First off, when the DV is a proportion (e.g. lives on the unit interval), we need to use a binary model, so I ran a series of probits attempting to minimize the Aikake Information Criterion (http://en.wikipedia.org/wiki/Akaike_information_criterion) in order to get the best fit. I found that stripping it down to a handful of variables was best, unsurprising giving how few observations we really have. However, when I calculated the McFadden's pseudo-R squared (which penalizes for using degrees of freedom), the result was actually negative, which is discouraging as far as the explanatory value of the model goes.

I also switched the proportions back into vote counts and decided to run robust linear regressions that help control for heteroskedasticity and outliers. This model had trouble converging (as it uses iterated least squares, and again we have a pretty small sample), ultimately I tweaked it down to the same "ideal" model from the probit and found quite discouragingly that hand-counting was no longer significant. Votes just screamed and absorbed almost all the action, with the educational variables still achieving a bit of significance (in the same directions as before, high school pro-Clinton and college negative).

All my code is up at: http://www.proles.net/nh/

The code.r file is my commented analysis, and the .csv file is just a mirror of the same data from here. You can just step through my analysis, using summary() on the models as you go to see the results for yourself.

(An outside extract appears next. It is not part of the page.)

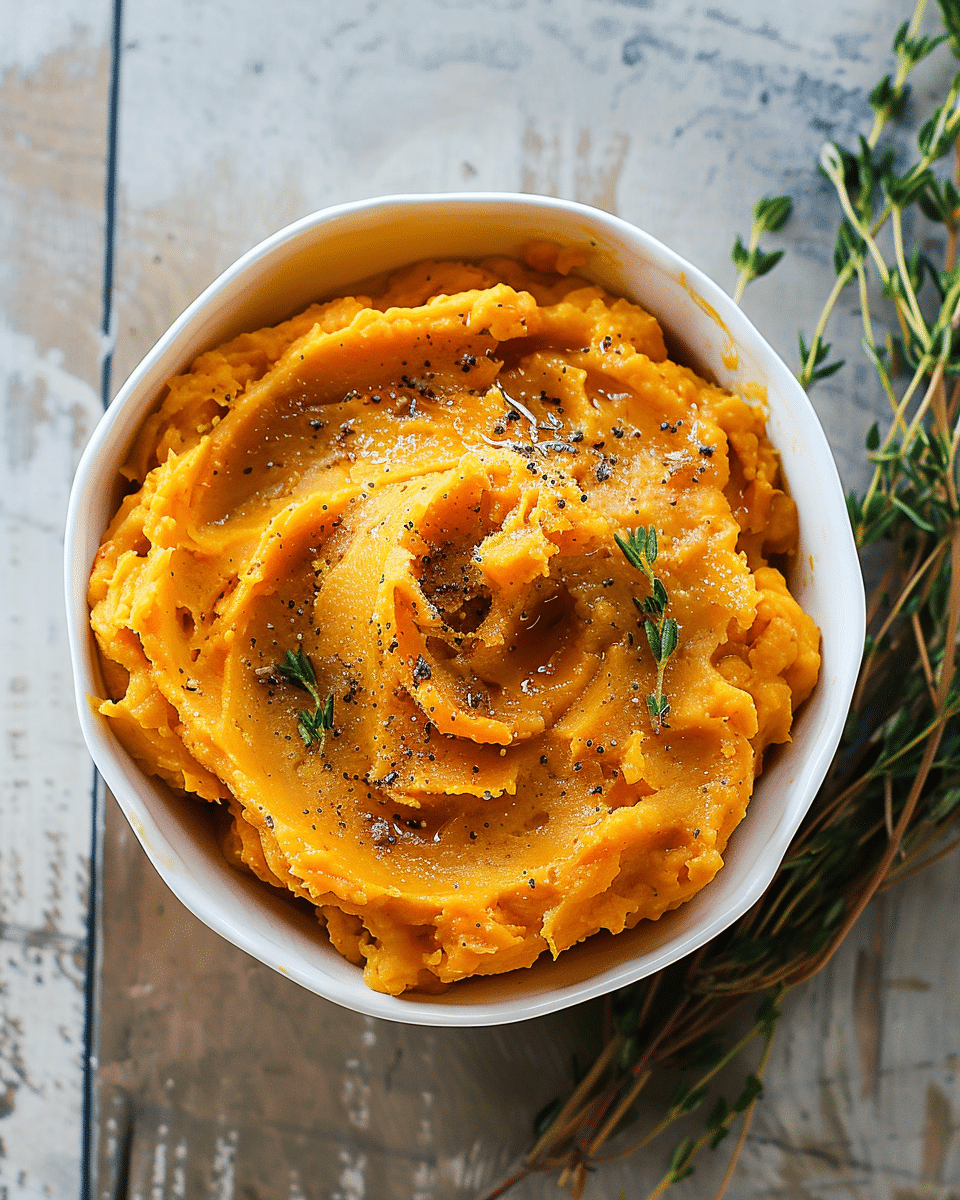 Savory Mashed Sweet Potatoes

Sorry to rain on the parade a bit, it's entirely possible that there are lots of errors in the above and I encourage people to please pick through it. In fact I did this very quickly and sloppily and normally wouldn't share something at this stage were it not for the timely urgency of this. I do think that the original ols models ran on this site look nice (decent R-squares, even adjusted) but are a little too kitchen-sinky for the number of observations we have, and that a lot of variation may be due to heteroskedasticity (e.g. difference variances in districts with Diebold versus handcounting or something along those lines) or other issues that we need robustness to control for.

Anyway, hope this helps...

Dealie said...

Just a brief followup on heteroskedasticity - I ran these quick commands:

> var(Clinton,na.rm=T)
[1] 0.006180386
> var(Clinton[hand==1],na.rm=T)
[1] 0.006538795
> var(Clinton[hand==0],na.rm=T)
[1] 0.003943916
>

Basically, this shows that there is more variance in the Clinton vote in districts with hand-counting than in Diebold districts. The same is true of Obama:

> var(Obama,na.rm=T)
[1] 0.006988419
> var(Obama[hand==1],na.rm=T)
[1] 0.008372794
> var(Obama[hand==0],na.rm=T)
[1] 0.004406466
>

And I'm not going to run it now but I imagine this is just generally the case. This is likely a reflection of the fact that hand districts are smaller and thus a few voters swinging one way or the other results in a large variability in terms of the proportions received by the candidates. Anyway, this is heteroskedasticity, and this is what the robust linear model controls for.

I'll leave it at that for now and let someone more enlightened fix my errors and complete my work, as I need to sleep and get my own work done...

semmelweis said...

You are obviously, unlike me, well-versed in statistics. However before looking at advanced statistical explanations we should check if there is an obvious hidden variable that could explain the discrepancy. It seems that Diebold machines are geographically clustered, however I couldn't find a list of NH towns that has geographic data (say, latitude/longitude coordinates for each town) and that matches the election data.